I'm really tempted to write a for loop to solve this problem, like:

#run first row
stopsfilled <- direct_to_species_function(stopsmbbs[1,]

for(i in 2:nrow(stopsmbbs) { 
temp <- direct_to_species_function(stopsmbbs[i,])
stopsfilled <- rbind(stopsfilled, temp) }

Although I sense that's not the ideal solution here.

If direct_to_sp_com needs to go back to having explicitly species_comments and count and returning only the list...

direct_to_sp_com_function <- function(species_comments, count) {

  #route species comments to the relevent function to process it.
  if(str_starts(species_comments, ",|[0-9]+,")) {

    stop_counts_list <-
    sp_com_comma_seperated(species_comments, count)
  } else if (str_starts(species_comments, "[0-9]+=[0-9]+|st(op)?( )?[0-9]+=[0-9]+")) {

    stop_counts_list <- 
    sp_com_stop_equals_count(species_comments, count)

  } else if (str_starts(species_comments, "st(op)?")) {

    stop_counts_list <- 
    sp_com_only_stop(species_comments, count)

  }

  stop_counts_list #return
}
bsaul commented 5 months ago

purrr::map_dfr( .x = stopsmbbs, .f = direct_to_sp_com_function )

I think you want to map on the vector on the data.frame, as in:

stopmbbs |>
  mutate(
     newcol = purrr::map2(.x = comment, .y = count, ~ direct_to_sp_com_function(.x , .y)) 

(or some variation of this).

newcol will be a list column which we can then unpack, but see if something like the above works.

IJBG commented 4 months ago

Woo!

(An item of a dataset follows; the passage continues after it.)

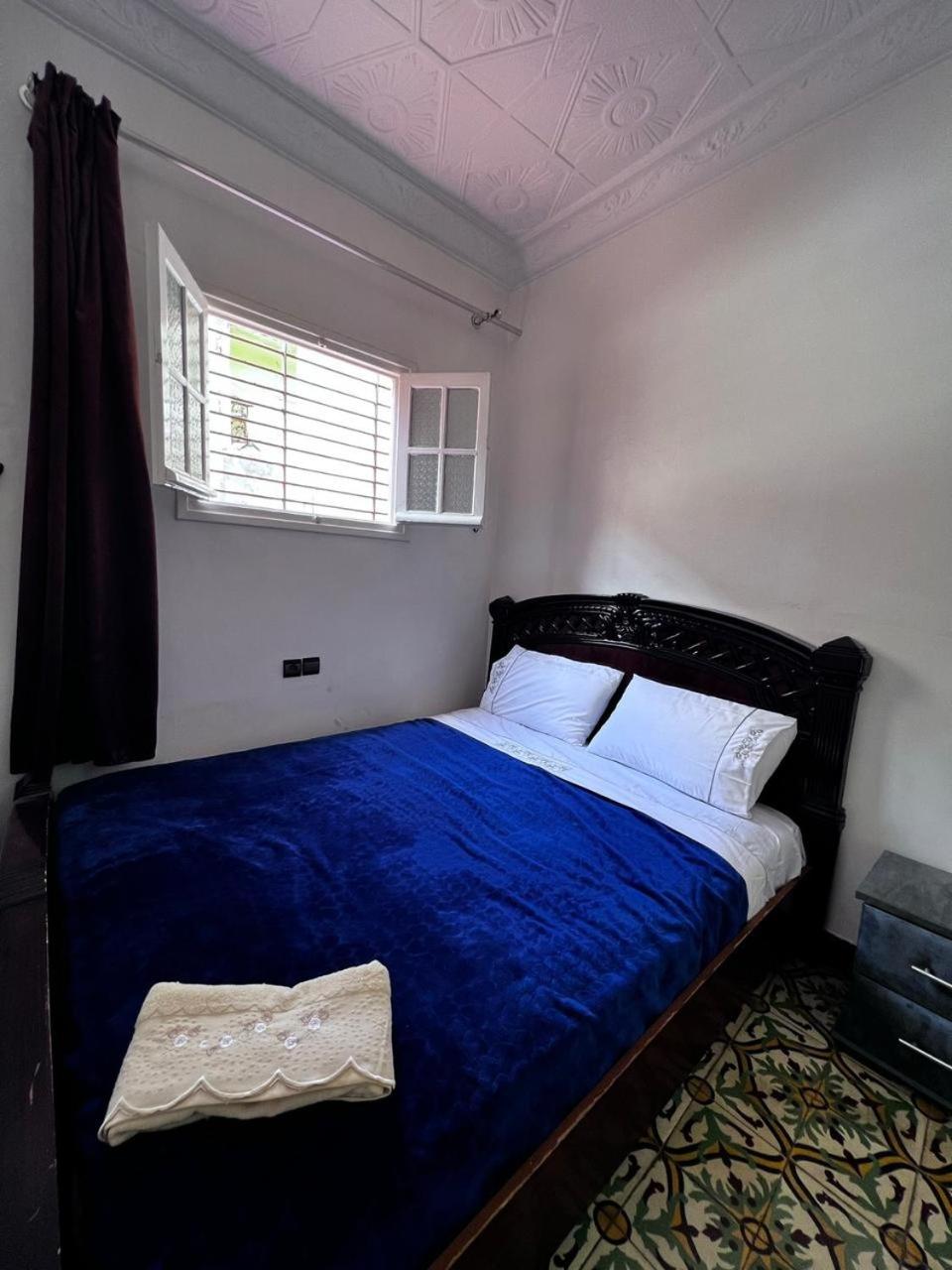 Double Room with Shared Bathroom photo 2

Back from TA'ing the study abroad, and I think wrapped up the refactoring. I tried both before I left and for an hour today to use purrr:: but wasn't successful, and decided to write a very small for loop to solve the problem instead.

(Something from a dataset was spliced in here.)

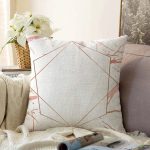 Beyaz Zeminli Modern Mermer Desenli Dijital Baskılı Modern Raşel Kadife Yastık Kırlent Kılıfı Realhomes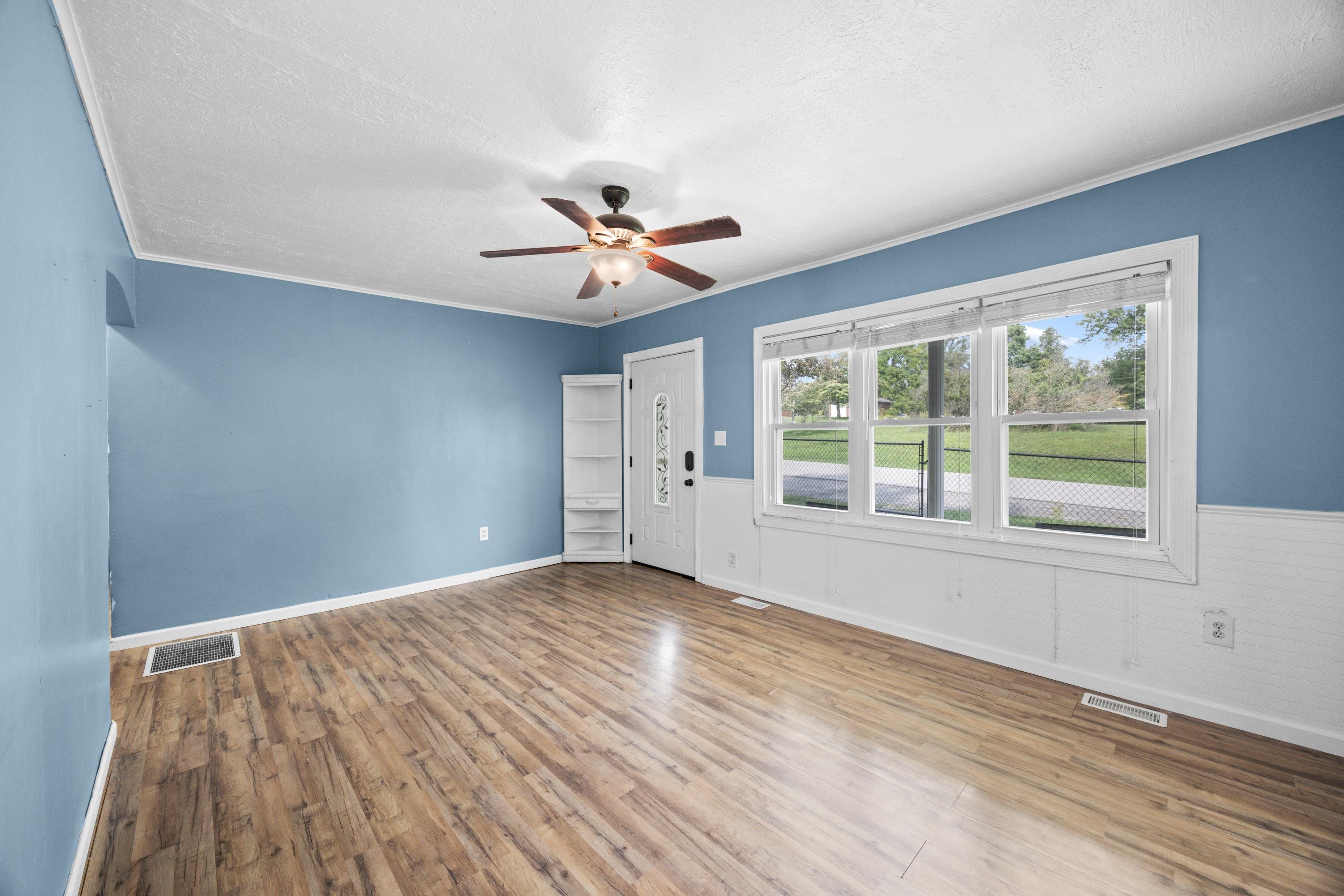 https://zimg.paragon.ice.com/ParagonImages/Property/PH/AABRKY/61107/4/0/0/60bccb9048de42e0b4d0a64a56205d7c/0/f00162b5d5dc2ac4d4853a2657fa8ebf/61107-cc72d115-d325-4e60-8504-64a7a30b3106.JPG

Moved where the errors (sum s1:s20 doesn't match original count) are caught (before: in the sp_com functions, now: in process_species_comments) so that there's a print() notification about how many errors, and they get stored in a .csv for follow-up, but the loop can run without tracking all the errors down beforehand. Right now there's 34 and I should be able to solve at least some of them.

I think with that, process_species_comments is done pending your review @bsaul ? If you think it looks good I'll finish up the documentation for the functions.

bsaul commented 4 months ago

Looking at this now...

bsaul commented 4 months ago

The test suite is failing for me: process_comments not found. Has this function been renamed?

IJBG commented 4 months ago

For tomorrow: -[ ] Address some of the errors spreadsheet, or after review open issue to resolve when working on the 2024 new-data update

To resolve comments (thank you Bradley!!):

To neaten script

IJBG commented 4 months ago

Fixed the testing and finished up addressing all the comments from your review Bradley. I moved the functions to a new script 'process_species_comments.R' as this will keep 'prepare_stop_level_data' clean for building functions related to stop-level vs route-level data there. Also, puts species_comments in line with the historical_xls (also gets its own R script) and with the paper datasets that are being transcribed (will get their own processing R script as well). This pull request is no longer a WIP 🎉@bsaul

IJBG commented 4 months ago

Fixed merge conflicts

IJBG commented 4 months ago

@bsaul I think it's good to go and you reviewed it last week, but just wanted to check that you approve before I squash and merge the branch

bsaul commented 4 months ago

@bsaul I think it's good to go and you reviewed it last week, but just wanted to check that you approve before I squash and merge the branch

Thanks. Just saw this. Looks good on a quick skim.